§ **Exercise requirements**
Once you reach the line with "image for item" in the material below, copy each line exactly up to and including the line with "Maria white/blue/fine coral red stripe", and skip the pictures.

§ **Dataset records**
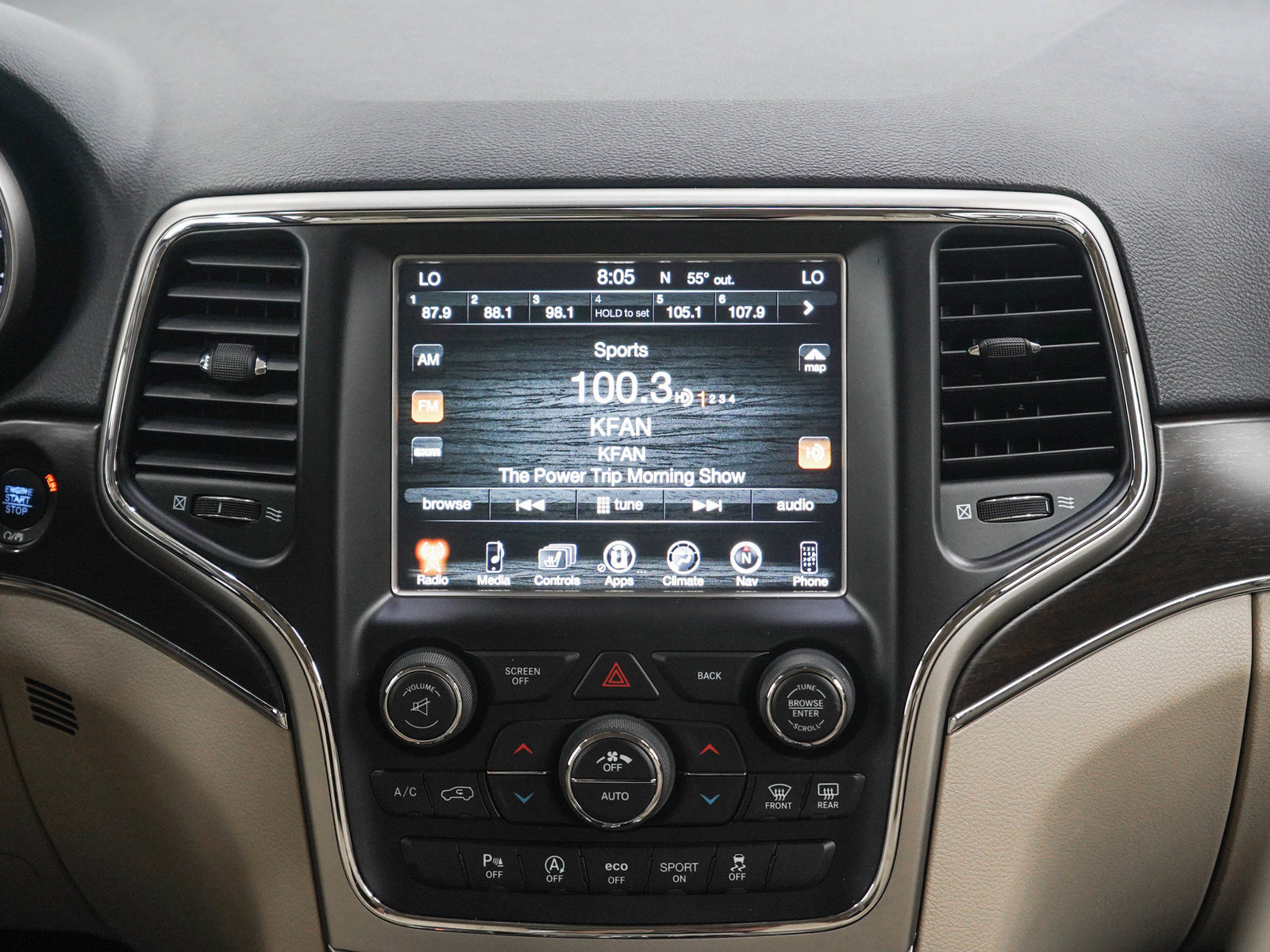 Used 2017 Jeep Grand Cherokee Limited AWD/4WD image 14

---

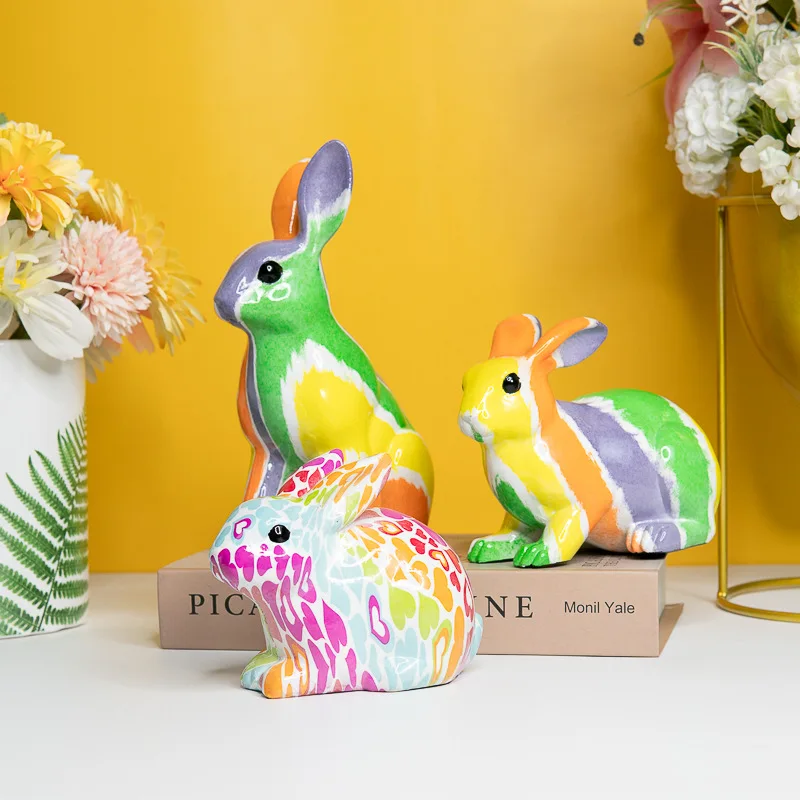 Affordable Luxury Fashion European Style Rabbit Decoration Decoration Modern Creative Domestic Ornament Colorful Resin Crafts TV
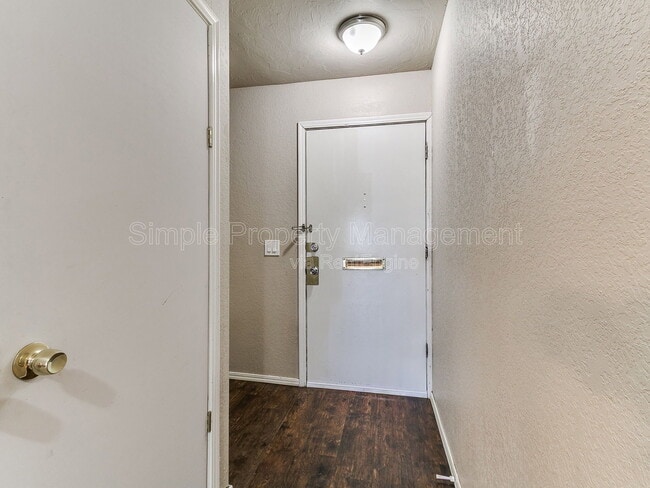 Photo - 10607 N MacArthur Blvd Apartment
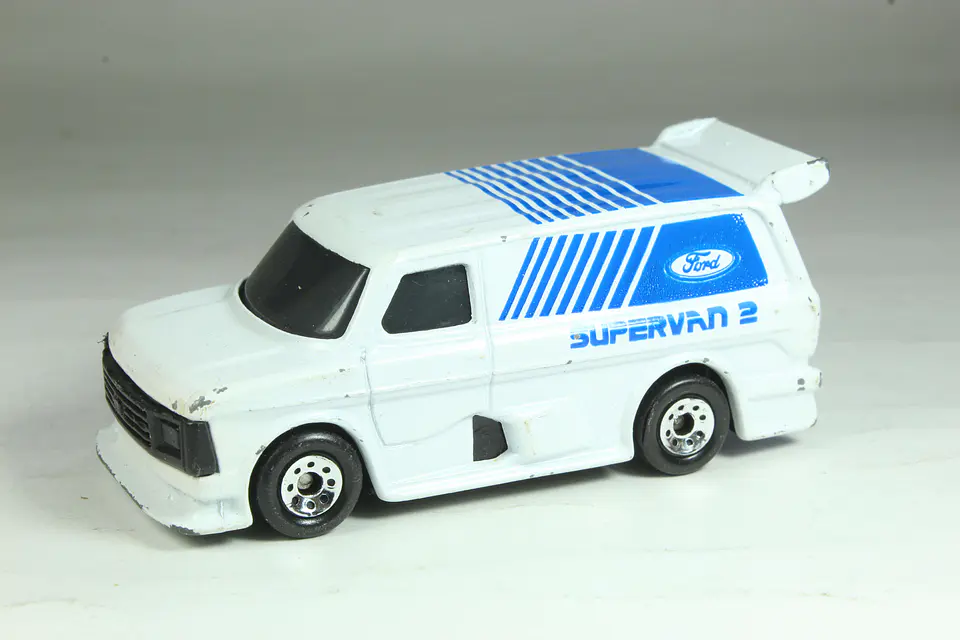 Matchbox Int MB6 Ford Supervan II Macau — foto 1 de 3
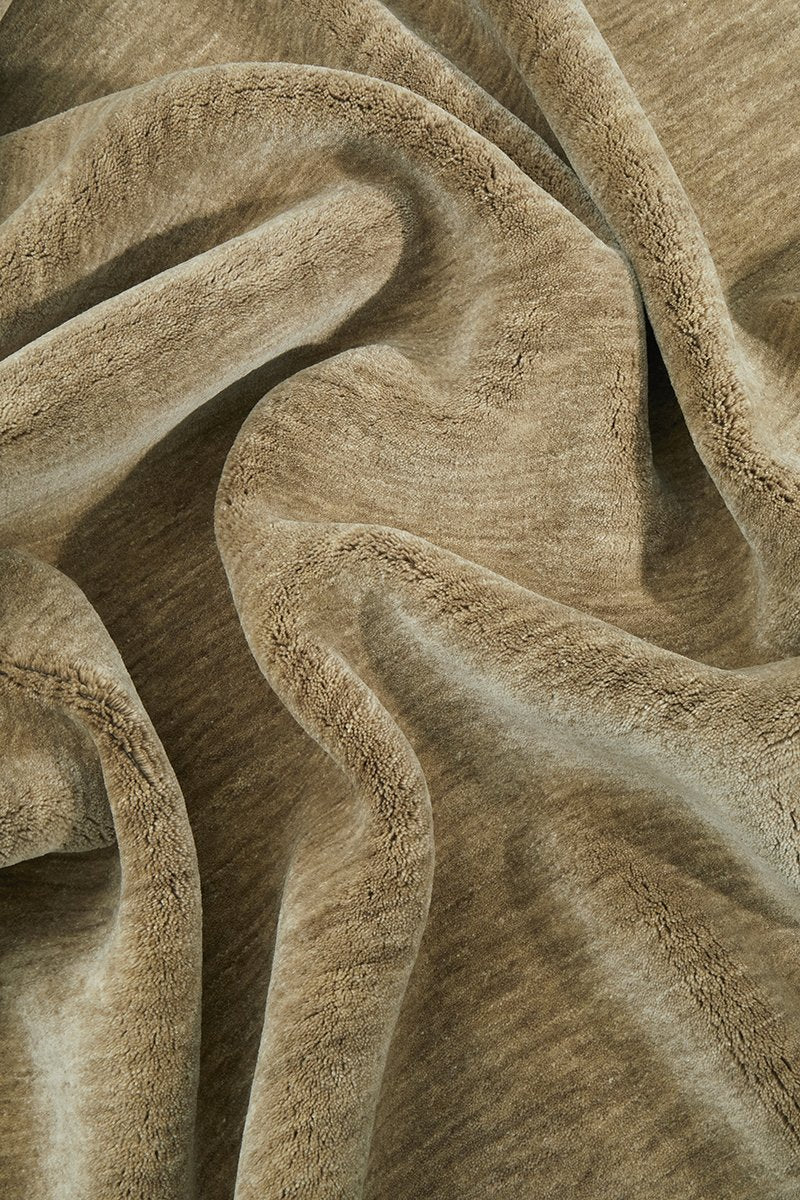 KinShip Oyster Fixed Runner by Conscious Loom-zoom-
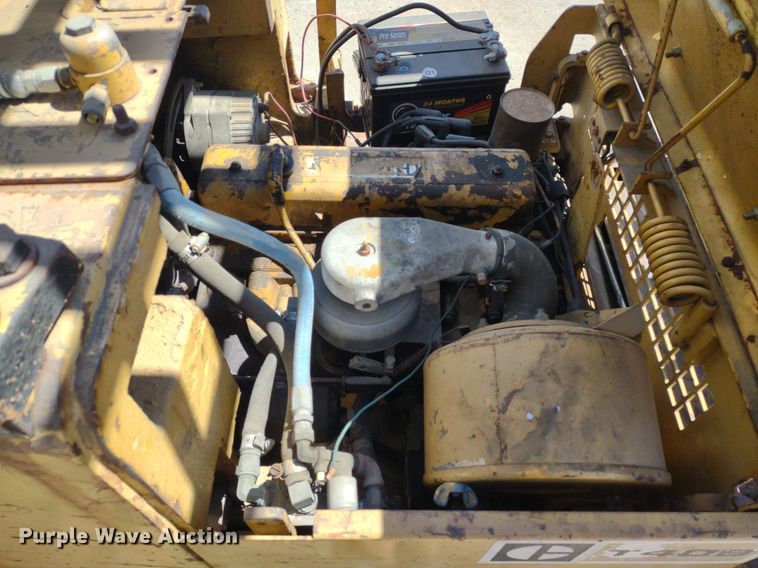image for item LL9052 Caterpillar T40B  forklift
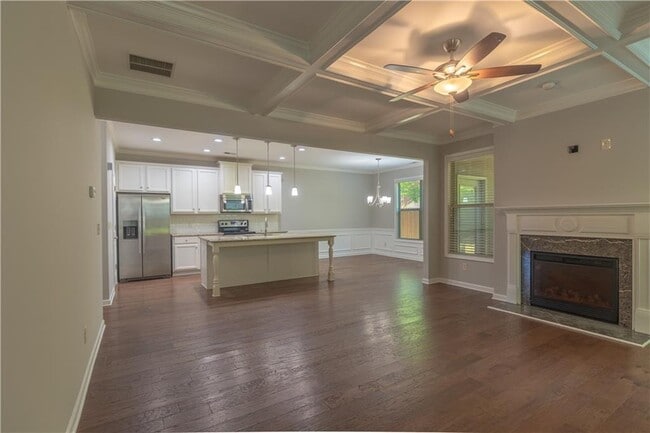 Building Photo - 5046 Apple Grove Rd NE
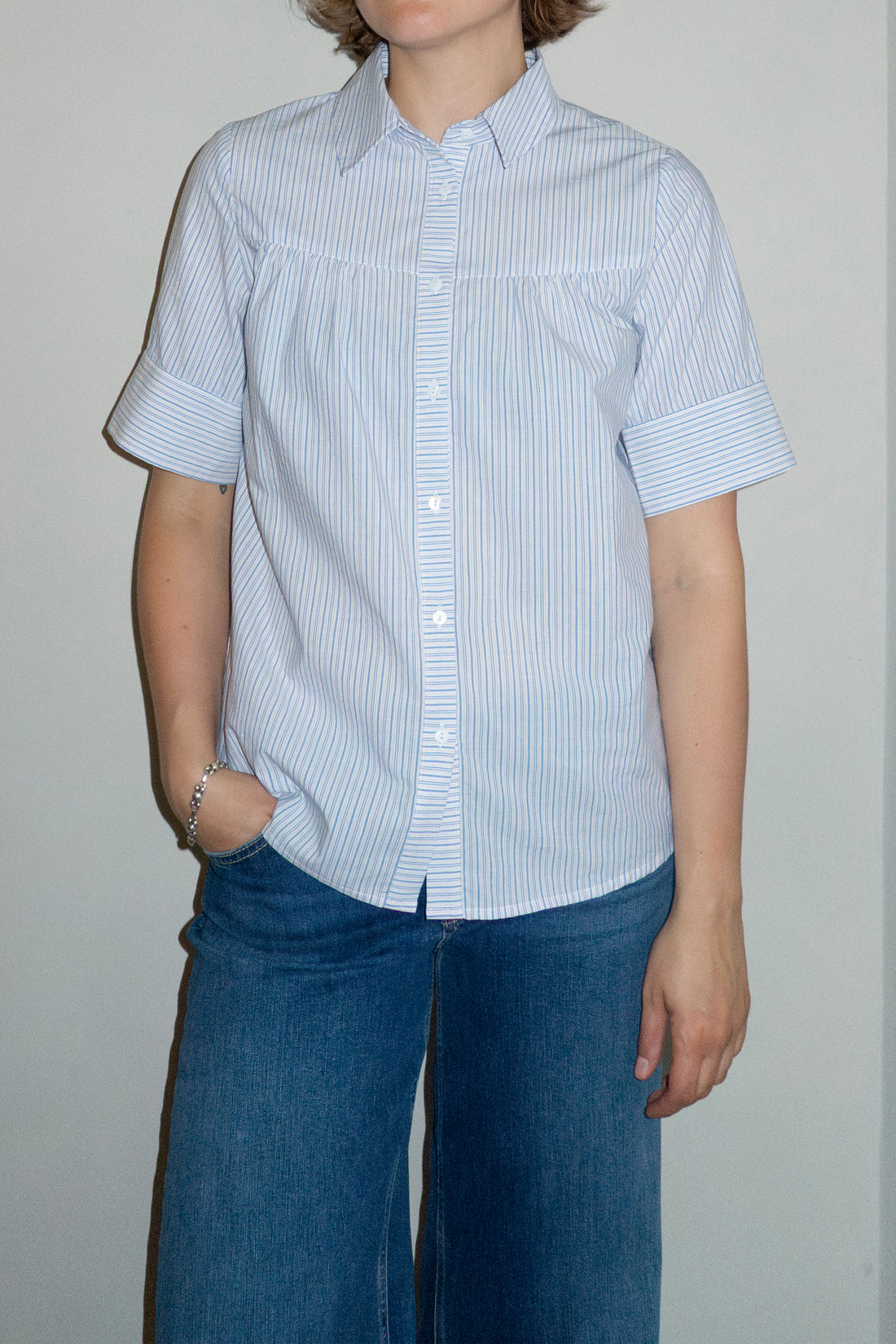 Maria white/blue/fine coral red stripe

§ **Solution for this exercise**
image for item LL9052 Caterpillar T40B  forklift
 Building Photo - 5046 Apple Grove Rd NE
 Maria white/blue/fine coral red stripe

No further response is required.